Set in the 1983 primal wilderness, MANDY is a brutal tale about a broken man named Red Miller (Cage) who goes on a revenge tour. He’s on the hunt for the religious sect, led by Sand Jeremiah (Linus Roache of BATMAN BEGINS), who slaughtered the love of his life, the titular Mandy (Andrea Riseborough).

Linus Roache as Jeremiah Sandin the action, thriller film ‘MANDY’ an RLJE Films release. Photo cour-tesy of RLJE Films.

It’s a paper-thin story that’s an excuse for Cosmatos to paint all the evil and unhappiness in the world on his canvas. It’s like JOHN WICK, except they kill the poor puppy for the first hour, dance around naked and tripping on acid while they do it. It’s disgusting — a feeling the filmmakers likely were hoping to evoke.

I love weird movies. I love movies that take chances and exist in their own universe. I love Nicolas Cage movies. But MANDY is simply too hardcore for my liking. I don’t get my jollies from watching a group of evildoers (who look like they’re in the band Slipknot) sexually assaulting a woman, burning her alive and torturing a man for its first hour. What normally is a five-minute sequence is stretched out to the longest, most unsettling 60 minutes. I understand that the film is trying to put you in a trance, but other movies have accomplished the same in a shorter amount of time. There’s only so much you can handle before you throw in the towel.

There are, admittedly, some cool visuals. Most of the film uses a red, purple and blue tint throughout to fuel the whole drug-induced feel of the movie, but the aesthetics and the few great Cage jokes (“No! You ruined my favorite shirt!”) aren’t enough.

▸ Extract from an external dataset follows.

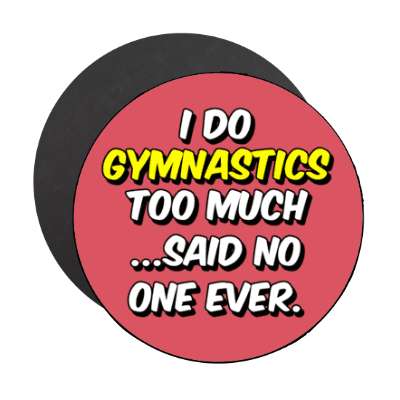 i do gymnastics too much said no one ever stickers, magnet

My plan over the weekend is to watch as many feel-good films as I can to wipe this sad memory clean.

Grade: D+

MANDY opens Friday at the Alamo Drafthouse Theaters in the Dallas-Fort Worth area. On Thursday night, there is a special advance screening that also will feature an exclusive taped (not live in person) conversation with Panos Cosmatos and Nicolas Cage.